A World Without Writers First, a string of online viewing tips. Ze Frank: strike #2; via Filmmaker's Scott Macaulay, "Voices of Uncertainty"; via Nikki Finke, "A World Without Writers"; and Ray Pride's got "Phil Robinson's 4-minute history of the Writers Guild."

Notes Dwight Garner: "One of the few good things to come out of the 1988 Writers' Guild of America strike was a small, photocopied comedy zine called Army Man - a publication that, happily, has been getting its due (here, here, here and here) recently."
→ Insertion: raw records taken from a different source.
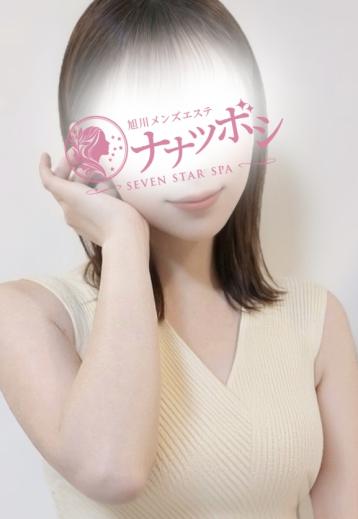 るな
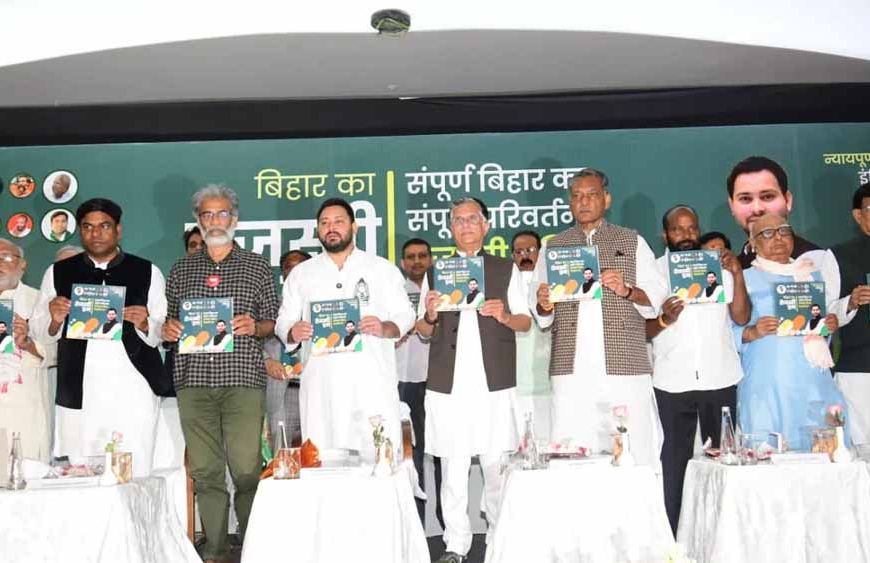 बिहार चुनाव 2025: तेजस्वी यादव का ‘जन वचन’—हर घर नौकरी और महागठबंधन के 25 वादे!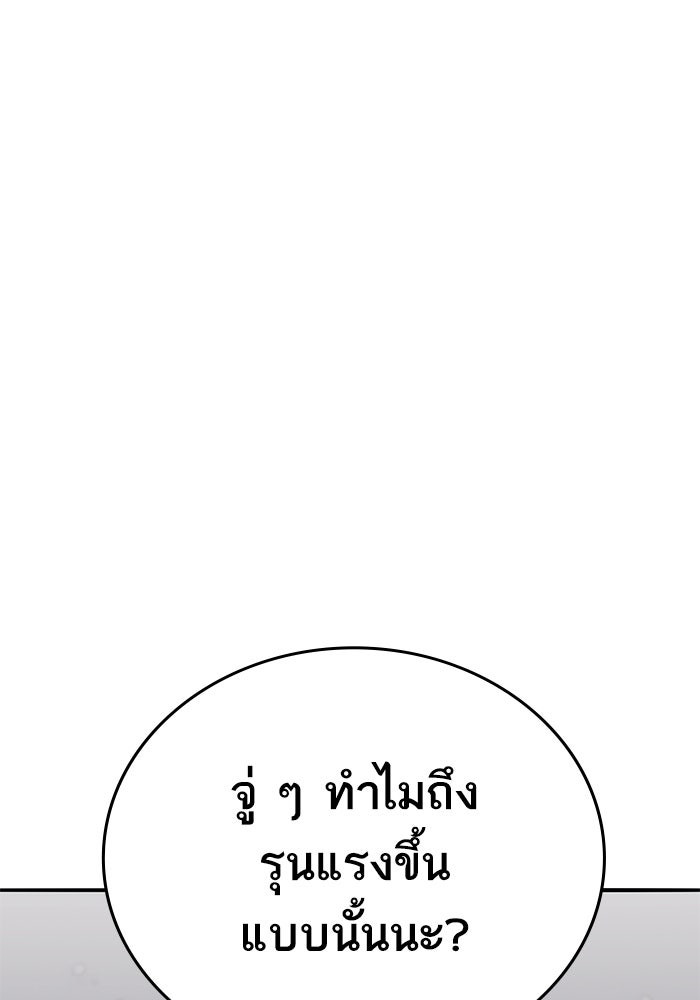 ยอดคนเลเวลทะลุ - หน้า 117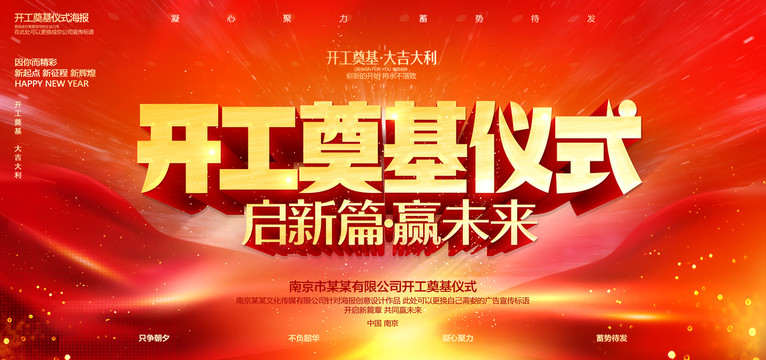 奠基儀式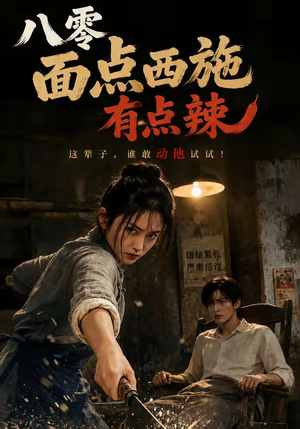 八零面点西施有点辣（76集）短剧全集高清完整版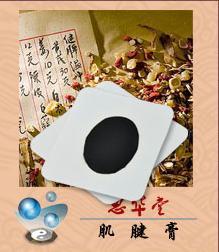 肌腱炎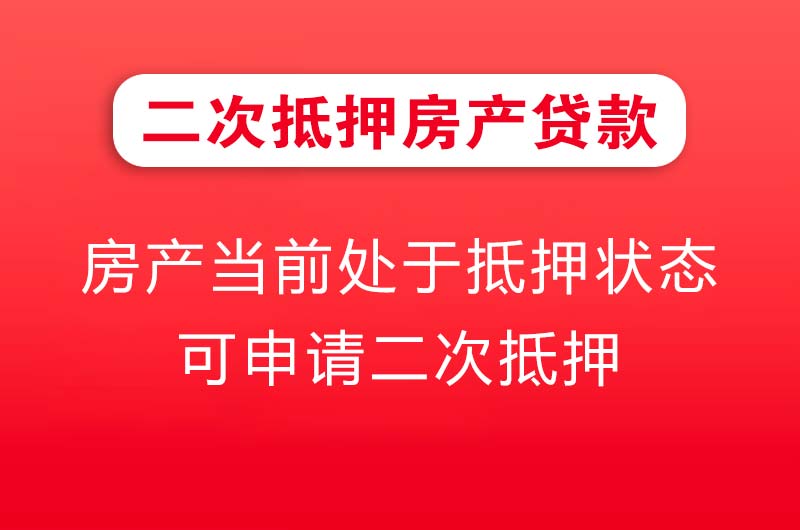 岑溪二次抵押房产贷款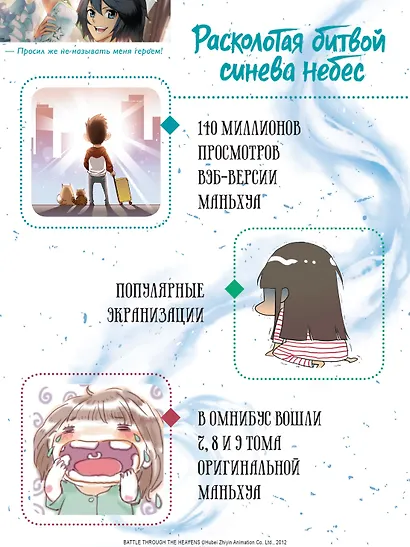 Расколотая битвой синева небес. Книга 3 (Том 7, 8, 9) - Гильдия алхимиков (Battle Through the Heavens). Маньхуа - фото 5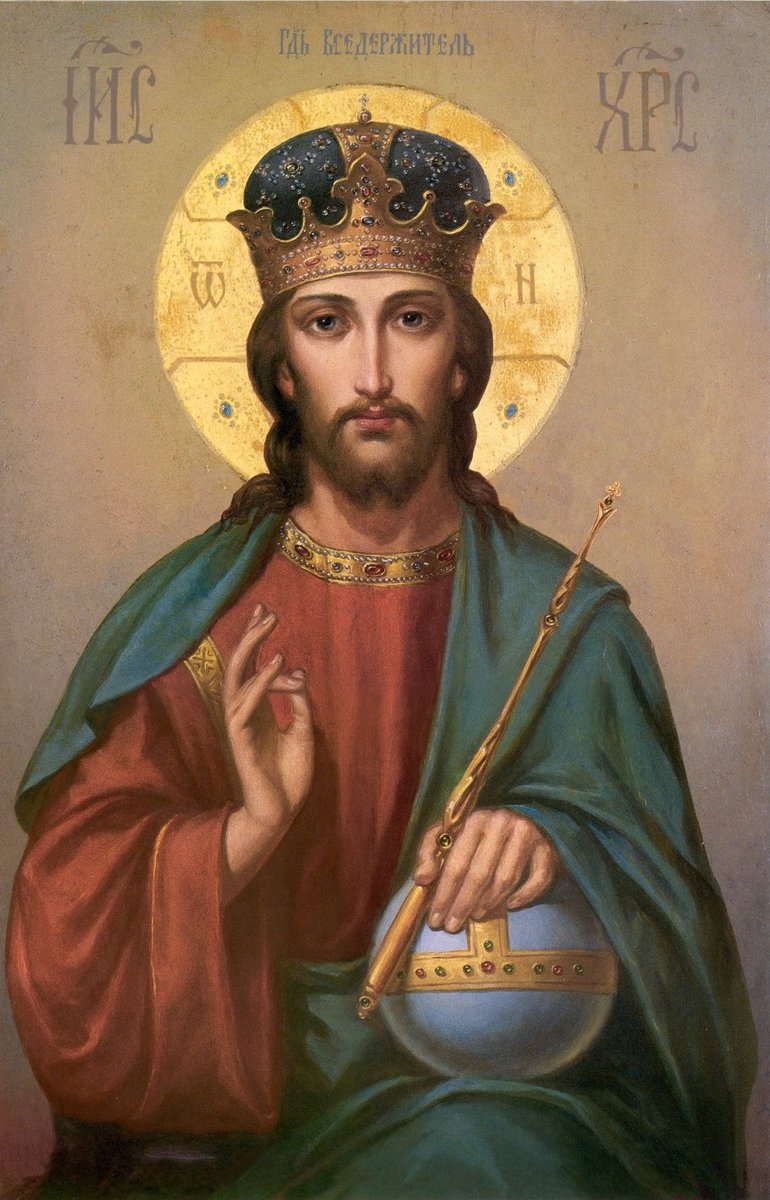 Господь Вседержитель 2 - оригинал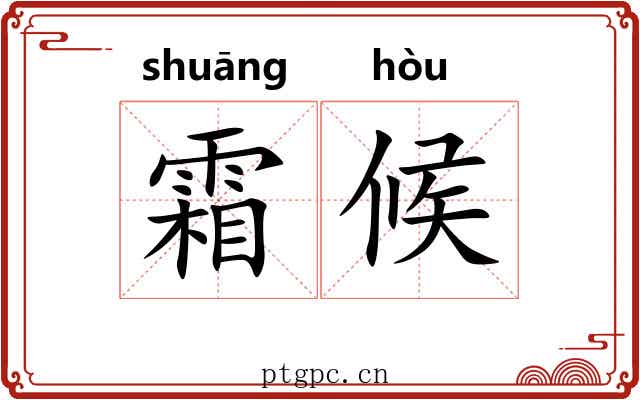 霜候 霜候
"The studios' problem is that they see the sweeping change represented by the Internet as more of a threat than an opportunity," argues Patrick Goldstein in the Los Angeles Times. "For all the talk of how the industry needs a titan like Lew Wasserman to mediate the strike, everyone seems to have forgotten that Wasserman's greatest coups, like buying the Paramount movie library for a song, involved a belief that entertainment would always have future value.... If the studios really believe they can't share a sliver of profits with the people who create what they sell, they'll be the losers. If you don't believe in the future, you shouldn't be in show business."

"As moguls and writers fight over the spoils from DVD and digital-download revenue and celebrities on both coasts pound the pavement in solidarity with the scribes, there's an unintended casualty in the Great Hollywood War of 2007: independent filmmaking." Anthony Kaufman reports in the Voice.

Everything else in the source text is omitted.